• _RECORDS TO USE_
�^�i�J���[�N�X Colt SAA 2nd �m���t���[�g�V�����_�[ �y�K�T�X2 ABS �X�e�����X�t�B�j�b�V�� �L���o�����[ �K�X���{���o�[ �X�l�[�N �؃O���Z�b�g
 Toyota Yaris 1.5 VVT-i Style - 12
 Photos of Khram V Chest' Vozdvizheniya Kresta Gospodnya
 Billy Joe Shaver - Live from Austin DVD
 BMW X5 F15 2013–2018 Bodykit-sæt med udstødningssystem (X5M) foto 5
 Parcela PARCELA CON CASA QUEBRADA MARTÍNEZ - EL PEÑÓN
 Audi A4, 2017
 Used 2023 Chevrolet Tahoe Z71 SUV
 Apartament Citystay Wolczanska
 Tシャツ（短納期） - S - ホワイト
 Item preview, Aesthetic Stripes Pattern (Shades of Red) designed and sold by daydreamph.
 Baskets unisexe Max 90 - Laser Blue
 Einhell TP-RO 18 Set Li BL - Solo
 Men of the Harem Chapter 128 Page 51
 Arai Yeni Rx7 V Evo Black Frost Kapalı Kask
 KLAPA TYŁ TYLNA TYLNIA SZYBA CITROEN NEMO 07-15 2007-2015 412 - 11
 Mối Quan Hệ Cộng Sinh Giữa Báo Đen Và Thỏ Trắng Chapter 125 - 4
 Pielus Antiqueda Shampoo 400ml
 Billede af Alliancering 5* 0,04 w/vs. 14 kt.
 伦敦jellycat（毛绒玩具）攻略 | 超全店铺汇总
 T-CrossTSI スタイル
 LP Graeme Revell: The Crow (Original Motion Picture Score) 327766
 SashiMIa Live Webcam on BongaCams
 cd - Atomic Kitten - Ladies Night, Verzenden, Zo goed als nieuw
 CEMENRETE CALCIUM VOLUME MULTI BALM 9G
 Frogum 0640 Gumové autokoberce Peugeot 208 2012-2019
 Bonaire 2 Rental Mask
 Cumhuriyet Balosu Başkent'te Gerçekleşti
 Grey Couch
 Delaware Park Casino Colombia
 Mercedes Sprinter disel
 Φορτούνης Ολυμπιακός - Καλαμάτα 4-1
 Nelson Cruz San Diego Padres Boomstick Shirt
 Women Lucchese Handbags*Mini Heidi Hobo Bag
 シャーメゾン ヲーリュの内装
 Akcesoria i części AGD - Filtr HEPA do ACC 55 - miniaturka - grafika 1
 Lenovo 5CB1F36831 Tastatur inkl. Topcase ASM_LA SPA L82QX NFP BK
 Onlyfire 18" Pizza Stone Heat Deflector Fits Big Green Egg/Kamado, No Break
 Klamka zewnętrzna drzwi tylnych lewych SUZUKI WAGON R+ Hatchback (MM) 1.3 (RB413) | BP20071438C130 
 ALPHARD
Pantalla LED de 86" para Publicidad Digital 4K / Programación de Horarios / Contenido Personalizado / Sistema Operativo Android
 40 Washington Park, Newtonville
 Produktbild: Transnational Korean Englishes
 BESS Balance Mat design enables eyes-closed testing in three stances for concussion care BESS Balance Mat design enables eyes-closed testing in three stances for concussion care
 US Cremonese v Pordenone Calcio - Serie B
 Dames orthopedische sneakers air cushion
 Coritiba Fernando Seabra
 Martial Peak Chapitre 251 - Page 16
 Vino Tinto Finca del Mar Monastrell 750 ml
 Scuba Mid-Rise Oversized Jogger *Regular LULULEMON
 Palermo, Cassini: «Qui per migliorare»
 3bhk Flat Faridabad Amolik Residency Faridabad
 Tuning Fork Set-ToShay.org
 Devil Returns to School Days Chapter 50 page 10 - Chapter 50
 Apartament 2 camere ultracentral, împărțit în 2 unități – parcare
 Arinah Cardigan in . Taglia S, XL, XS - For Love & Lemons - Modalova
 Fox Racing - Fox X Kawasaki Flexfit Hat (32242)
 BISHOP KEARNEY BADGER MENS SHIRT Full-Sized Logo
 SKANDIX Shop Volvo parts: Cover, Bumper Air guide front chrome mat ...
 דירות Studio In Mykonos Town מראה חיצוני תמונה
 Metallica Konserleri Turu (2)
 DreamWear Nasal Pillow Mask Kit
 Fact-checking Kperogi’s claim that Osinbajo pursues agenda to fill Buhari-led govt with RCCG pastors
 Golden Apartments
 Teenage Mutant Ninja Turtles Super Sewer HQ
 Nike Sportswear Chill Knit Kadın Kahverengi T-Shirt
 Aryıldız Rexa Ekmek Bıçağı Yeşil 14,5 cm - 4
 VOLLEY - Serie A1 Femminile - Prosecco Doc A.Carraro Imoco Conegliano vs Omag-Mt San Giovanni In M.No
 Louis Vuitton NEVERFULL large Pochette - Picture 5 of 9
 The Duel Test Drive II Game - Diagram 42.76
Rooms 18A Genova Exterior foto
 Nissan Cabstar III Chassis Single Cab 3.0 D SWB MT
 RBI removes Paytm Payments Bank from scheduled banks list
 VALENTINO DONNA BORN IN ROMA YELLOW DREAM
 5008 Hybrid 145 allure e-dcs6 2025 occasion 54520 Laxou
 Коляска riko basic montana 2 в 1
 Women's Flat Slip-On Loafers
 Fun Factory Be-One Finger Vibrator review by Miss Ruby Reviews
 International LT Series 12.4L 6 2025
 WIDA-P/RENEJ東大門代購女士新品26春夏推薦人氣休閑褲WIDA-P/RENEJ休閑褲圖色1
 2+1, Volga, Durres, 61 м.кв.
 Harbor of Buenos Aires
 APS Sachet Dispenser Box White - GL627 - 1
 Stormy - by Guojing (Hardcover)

• _EXERCISE_
Each line that holds the string "Live" is to be copied from the entries above.

• _ANSWER SECTION_
 Billy Joe Shaver - Live from Austin DVD
 SashiMIa Live Webcam on BongaCams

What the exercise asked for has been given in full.